Lest you think Apple is "cheap" today, in every year since 1994 where Apple had a profit, it at some point traded with a single-digit P/E ratio. Right now, the company is expected to earn $1.34 per share in fiscal 2001, a 34% decrease from fiscal 2000. Moreover, the company's last profitability downswing eroded almost two-thirds of the company's book value between 1995 and 1997, and red ink burns cash.
Am I being too myopic when looking at Apple? What about the company's long-term positioning? I do not exactly like what I see.
First, the company's loss in the education market should not be glossed over. By having a strong foothold in the schools, Apple was able to incubate future buyers of Apple platform products. As Apple's share of classroom computers continues to shrink, so does the future built-in demand for its products.
Moreover, there seems to be much less of a gap between Windows-based PCs and Macs as far as usability. (That is, if you can actually get an Apple that works!) With the advent of the USB port and Windows ME, PCs are just as easy to set up as any Mac. Moreover, Apple is no longer alone in making cool-looking, colorful computers, which was its major competitive advantage over the past three years.

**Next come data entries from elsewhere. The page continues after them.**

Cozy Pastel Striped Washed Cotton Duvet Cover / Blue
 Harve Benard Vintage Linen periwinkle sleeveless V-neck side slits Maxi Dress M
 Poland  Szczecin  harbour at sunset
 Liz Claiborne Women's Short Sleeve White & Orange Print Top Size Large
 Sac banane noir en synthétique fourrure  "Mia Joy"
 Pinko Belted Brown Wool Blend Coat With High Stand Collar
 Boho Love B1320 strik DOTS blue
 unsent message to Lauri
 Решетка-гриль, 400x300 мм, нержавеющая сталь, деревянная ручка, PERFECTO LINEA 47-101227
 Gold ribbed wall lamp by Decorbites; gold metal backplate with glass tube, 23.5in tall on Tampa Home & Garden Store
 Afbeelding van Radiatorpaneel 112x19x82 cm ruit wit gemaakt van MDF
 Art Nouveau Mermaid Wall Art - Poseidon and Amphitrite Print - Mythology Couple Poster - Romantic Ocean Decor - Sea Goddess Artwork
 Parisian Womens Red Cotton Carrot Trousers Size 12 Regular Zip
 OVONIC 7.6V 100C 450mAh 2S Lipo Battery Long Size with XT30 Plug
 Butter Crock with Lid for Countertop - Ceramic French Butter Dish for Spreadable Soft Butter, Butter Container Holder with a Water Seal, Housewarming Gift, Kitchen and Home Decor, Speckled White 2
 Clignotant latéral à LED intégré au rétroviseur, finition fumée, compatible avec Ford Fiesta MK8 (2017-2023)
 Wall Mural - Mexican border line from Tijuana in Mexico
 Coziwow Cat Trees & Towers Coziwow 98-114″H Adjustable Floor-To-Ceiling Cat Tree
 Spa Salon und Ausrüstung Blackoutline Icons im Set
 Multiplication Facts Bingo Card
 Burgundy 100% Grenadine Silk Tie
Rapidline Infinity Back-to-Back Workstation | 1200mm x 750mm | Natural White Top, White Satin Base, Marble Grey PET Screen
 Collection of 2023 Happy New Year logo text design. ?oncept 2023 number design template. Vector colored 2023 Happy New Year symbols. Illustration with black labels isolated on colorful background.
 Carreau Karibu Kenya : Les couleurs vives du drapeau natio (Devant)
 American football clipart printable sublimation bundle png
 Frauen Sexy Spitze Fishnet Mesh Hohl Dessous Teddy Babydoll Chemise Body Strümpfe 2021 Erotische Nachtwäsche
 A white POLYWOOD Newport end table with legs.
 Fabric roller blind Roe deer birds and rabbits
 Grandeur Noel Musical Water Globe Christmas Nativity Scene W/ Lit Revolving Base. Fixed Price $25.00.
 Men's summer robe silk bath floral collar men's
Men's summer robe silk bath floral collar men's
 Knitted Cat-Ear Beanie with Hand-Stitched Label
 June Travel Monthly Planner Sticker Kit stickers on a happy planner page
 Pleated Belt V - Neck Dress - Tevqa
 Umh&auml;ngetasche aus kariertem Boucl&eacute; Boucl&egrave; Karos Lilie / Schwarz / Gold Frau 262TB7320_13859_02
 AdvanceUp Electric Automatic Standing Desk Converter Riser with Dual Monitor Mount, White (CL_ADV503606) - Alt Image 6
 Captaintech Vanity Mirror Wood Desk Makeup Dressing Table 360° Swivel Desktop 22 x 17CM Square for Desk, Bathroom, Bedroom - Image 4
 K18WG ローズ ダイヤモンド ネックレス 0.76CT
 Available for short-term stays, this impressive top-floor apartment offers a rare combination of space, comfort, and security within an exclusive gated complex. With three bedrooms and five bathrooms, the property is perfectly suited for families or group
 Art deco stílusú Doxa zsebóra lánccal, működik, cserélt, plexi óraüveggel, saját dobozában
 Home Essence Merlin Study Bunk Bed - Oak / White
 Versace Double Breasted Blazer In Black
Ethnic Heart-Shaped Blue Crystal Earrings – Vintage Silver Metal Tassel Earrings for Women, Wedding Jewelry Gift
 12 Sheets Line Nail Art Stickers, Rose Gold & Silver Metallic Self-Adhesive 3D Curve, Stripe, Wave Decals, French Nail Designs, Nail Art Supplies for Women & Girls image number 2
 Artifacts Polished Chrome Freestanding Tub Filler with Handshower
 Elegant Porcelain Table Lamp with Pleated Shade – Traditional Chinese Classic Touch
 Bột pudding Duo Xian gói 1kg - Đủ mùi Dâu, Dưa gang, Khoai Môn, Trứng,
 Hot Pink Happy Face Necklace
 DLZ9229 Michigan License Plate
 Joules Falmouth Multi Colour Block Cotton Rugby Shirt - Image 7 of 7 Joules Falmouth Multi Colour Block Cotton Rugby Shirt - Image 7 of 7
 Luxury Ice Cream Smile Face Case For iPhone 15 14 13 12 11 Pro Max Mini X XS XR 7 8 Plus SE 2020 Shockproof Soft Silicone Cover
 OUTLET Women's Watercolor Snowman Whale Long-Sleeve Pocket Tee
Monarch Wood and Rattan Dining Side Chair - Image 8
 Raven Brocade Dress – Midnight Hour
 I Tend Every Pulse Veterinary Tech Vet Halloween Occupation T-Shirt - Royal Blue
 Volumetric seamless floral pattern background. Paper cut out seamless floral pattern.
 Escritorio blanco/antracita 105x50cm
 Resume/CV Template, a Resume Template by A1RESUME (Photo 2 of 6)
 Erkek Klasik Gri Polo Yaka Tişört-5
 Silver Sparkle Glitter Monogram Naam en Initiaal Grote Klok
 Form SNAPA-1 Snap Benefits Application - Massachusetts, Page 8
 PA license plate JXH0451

Of course, then there is the software issue. The available software titles for the PC far outstrips that of available Mac titles. Unless Apple can make some significant inroads in selling more units and gaining market share, this is not likely to change.
So what are the differences between PCs and Macs these days? Beyond Apple computers being anywhere from 50-100% more expensive than a comparably powered PC, not much. Apple is also highly dependent on a select number of suppliers for its components, and this is a major drag when trying to keep ahead of the curve in an environment of ever-falling computer prices.
Apple is not going to die. It has far too many loyal customers for that to happen. However, the company is having problems executing today, and the environment for harvesting profits and creating shareholder value only looks to get much worse in the future.